CTM3 is a collaboration by twin brothers Cody Maillet and Thor Maillet. They worked together under the CTM-banner before, and they did some other co-operative works too.
Cryostasium is quite well-known, I think. Cody recorded several hands full of blackened, crusty, necrotic and noisy stuff, often digitally available (check out the Bandcamp-page!), and initially as The Abhorer, in case you’re interested (but why shouldn’t you). He’s the guy too behind many other projects (Evisceration, Cyhyreath, Bloodsoil, Zaklanie, Bone Ritual etc.), and he owns the Metropolitan State Productions label, which is working for a few released with Russia’s finest Satanath Records / Symbol Of Domination Productions. For the release of this album, that marriage is so kind to offer the audience this sonic creation. Thank you Cody, thank you Aleksey!
Thor Maillet is rather to be placed within the Drone / Ambient current. Thor too is quite productive, with a couple of grandiose recordings that were released under the Thor Maillet flag, though there was some material released as (the) Moth Literal as well in some past.
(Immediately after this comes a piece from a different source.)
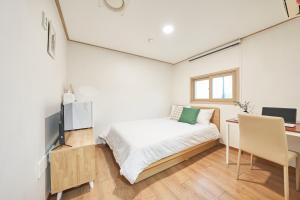 a small bedroom with a bed and a desk at K'STAY Sinchon in Seoul
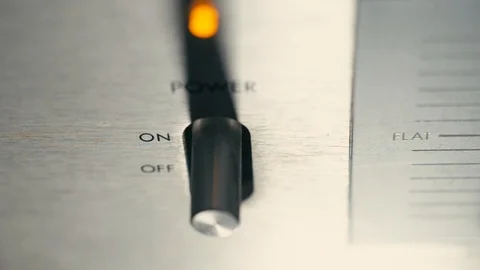 A finger turns on the switch of an electronic device Stock Footage 100391708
So, the twins created a couple of new pieces in early Spring 2015 at the K2 studio, this time collected as CTM3. Oh yes, first a word about the wintery artwork: cool (symbolically and literally)! CTM3 lasts for forty minutes and opens with 1 (six out of the tracks have a number as title – lack of inspiration, or a genius’ idea?), which stands like an erected fist in the behind of [self-censorship]. It’s a (short) Drone / Ambient epic with distant elements from IDM (within the electronic percussion), with weird church bells, with hypnotic melodies, with martial atmospheres, … Indeed, this opening sequence is quite attractive. Then comes Child’s Cry, perfectly showing an equally divided presence of both artists involved: the mesmerizing ritual ambience of Thor and the apocalyptic, primal grimness of Cody. Quite remarkable are the vocal samples in this track, though the far-distant guitar lines (hey, do I hear some Misery right here?) and underground attitude too are truly remarkable. But the main focus lies on the eerie, witching, mesmerizing waves of sound especially, no matter when a piece is structurally based on mechanical Black Metal-alike spasms or neo-psychedelic scapes of Drone-Ambient (and all stuff in between).
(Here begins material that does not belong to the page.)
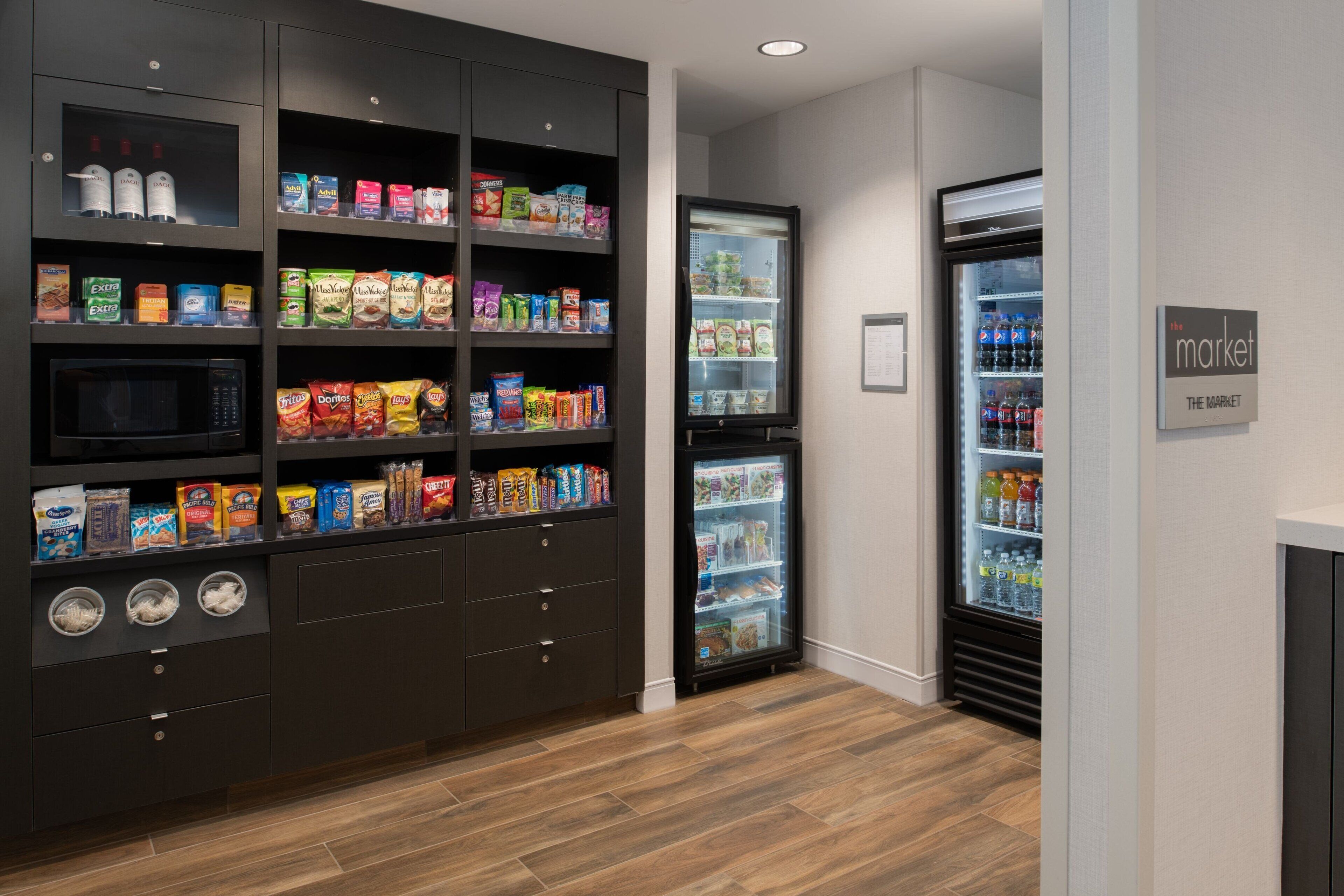 A kitchenette with a microwave, storage cabinets, and a refrigerator stocked with beverages and snacks.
The electronic details are not too exaggerated, which I think is a good thing. Because of this aspect, the whole maintains sort of an organic character – though then again, ‘organic’ must be defined as seen from a mostly venomous and acid point of view. Everything comes to its ‘grande finale’ by means of the lengthy last epic, which sort of combines all ingredients in a coherent identity. There is quite some distortion and noise going on, quite some repetition and minimalism, and at the very same time quite some experiment and eccentricity. The diversity of angles is so ingeniously exquisite that it makes me hungry (red meat will do just fine!), and still both artist succeed to create something that remains attractive, arousing whole the time. It’s not Noise, nor is it Ambient, Black Metal or Drone; it’s all of it, and still none. It’s another Cryostasium / Thor Maillet collaboration, you see, and therefor it’s all or nothing. I go for ‘all’…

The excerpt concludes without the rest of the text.